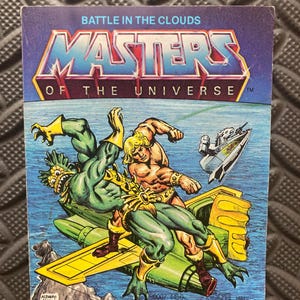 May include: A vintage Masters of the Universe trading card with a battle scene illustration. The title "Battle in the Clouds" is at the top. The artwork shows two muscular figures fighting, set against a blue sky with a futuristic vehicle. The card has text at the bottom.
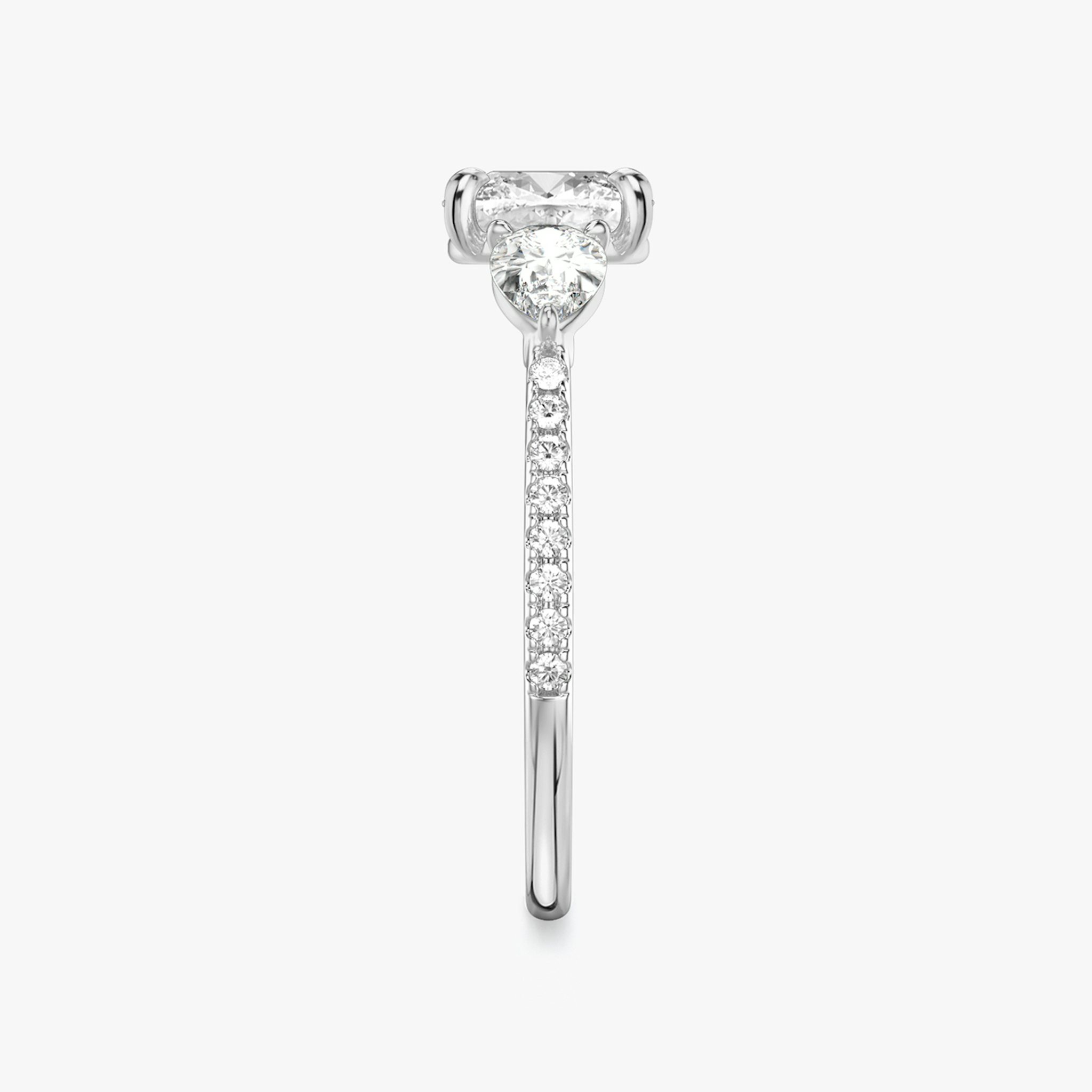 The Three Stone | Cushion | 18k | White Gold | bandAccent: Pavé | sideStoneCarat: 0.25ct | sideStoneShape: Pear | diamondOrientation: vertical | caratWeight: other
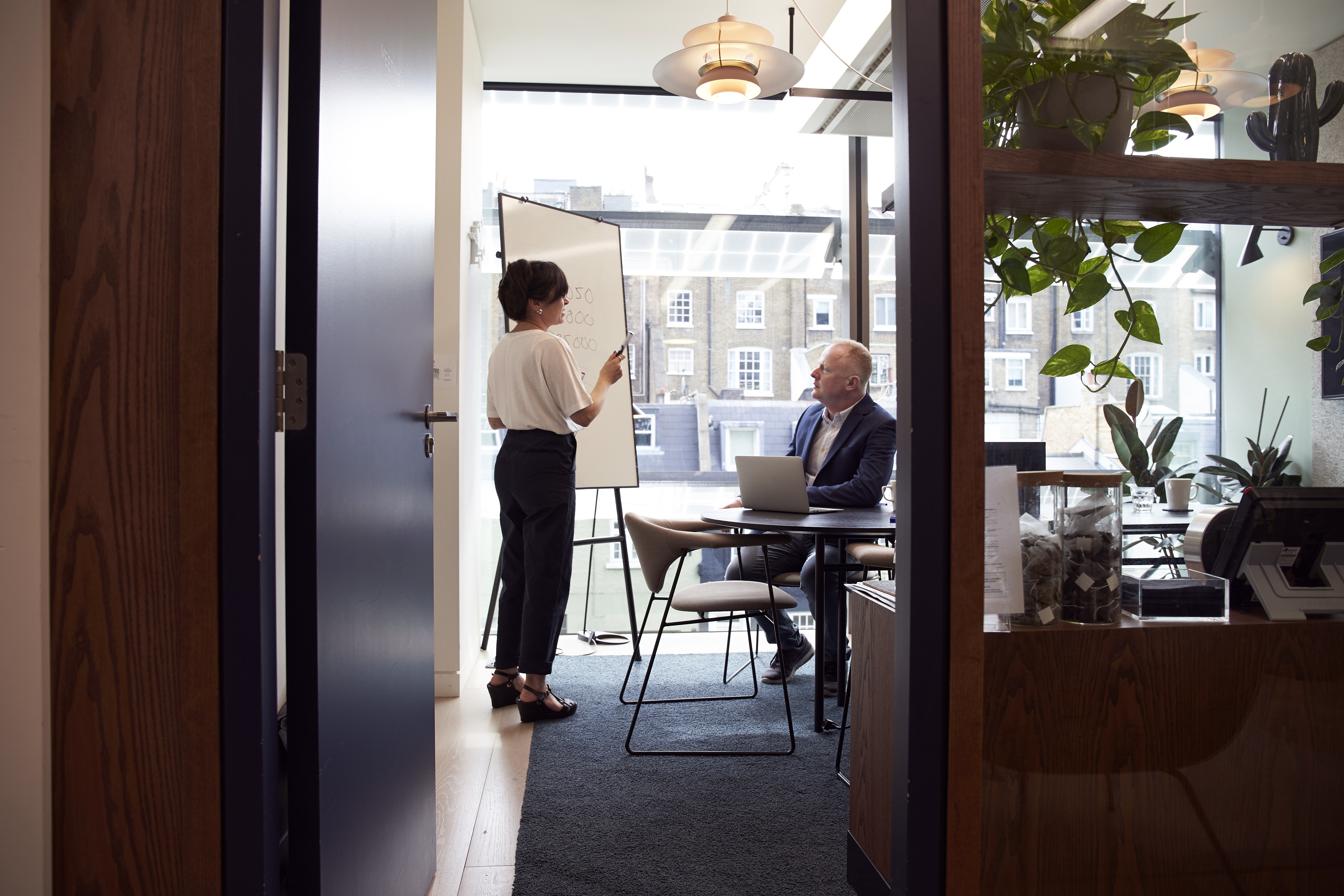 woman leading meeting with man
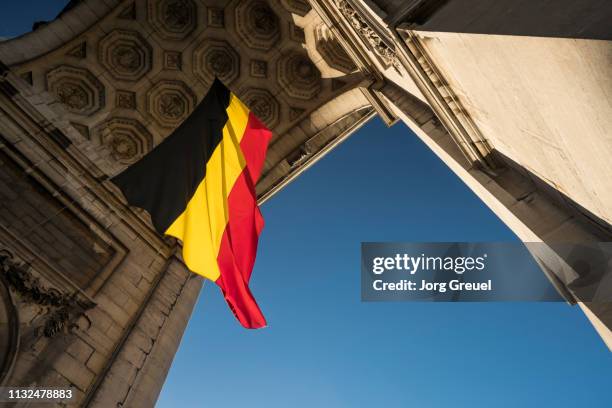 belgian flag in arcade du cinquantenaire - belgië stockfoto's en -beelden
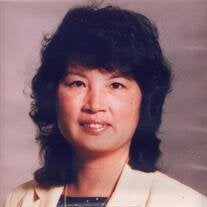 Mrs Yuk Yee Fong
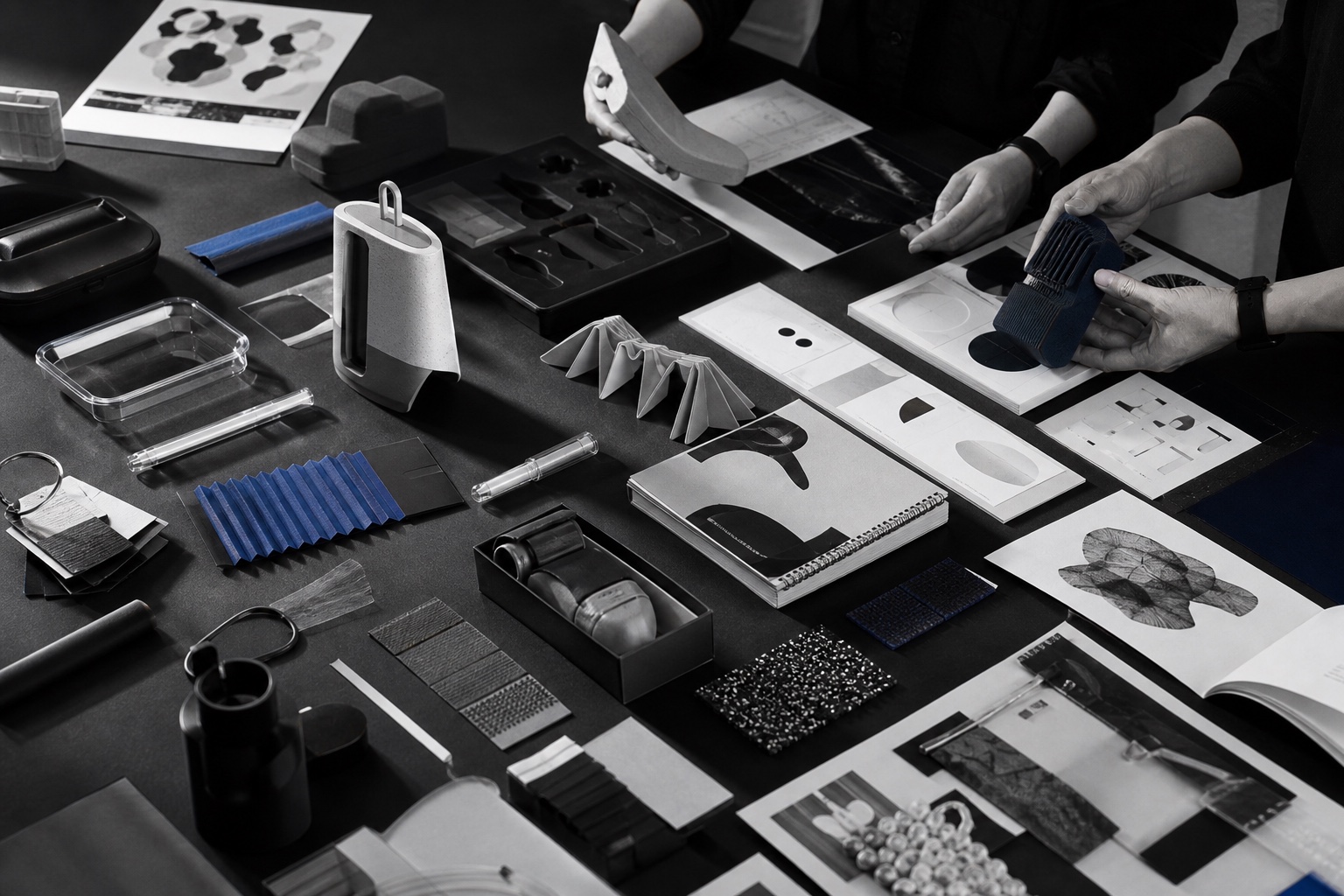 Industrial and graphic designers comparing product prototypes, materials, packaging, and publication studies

----------

» **Problem details**:
In the copy, include exactly the lines from the one with "belgian flag in" through the final line of the data, both ends included, and no pictures.

» **Response area**:
 belgian flag in arcade du cinquantenaire - belgië stockfoto's en -beelden
 Mrs Yuk Yee Fong
 Industrial and graphic designers comparing product prototypes, materials, packaging, and publication studies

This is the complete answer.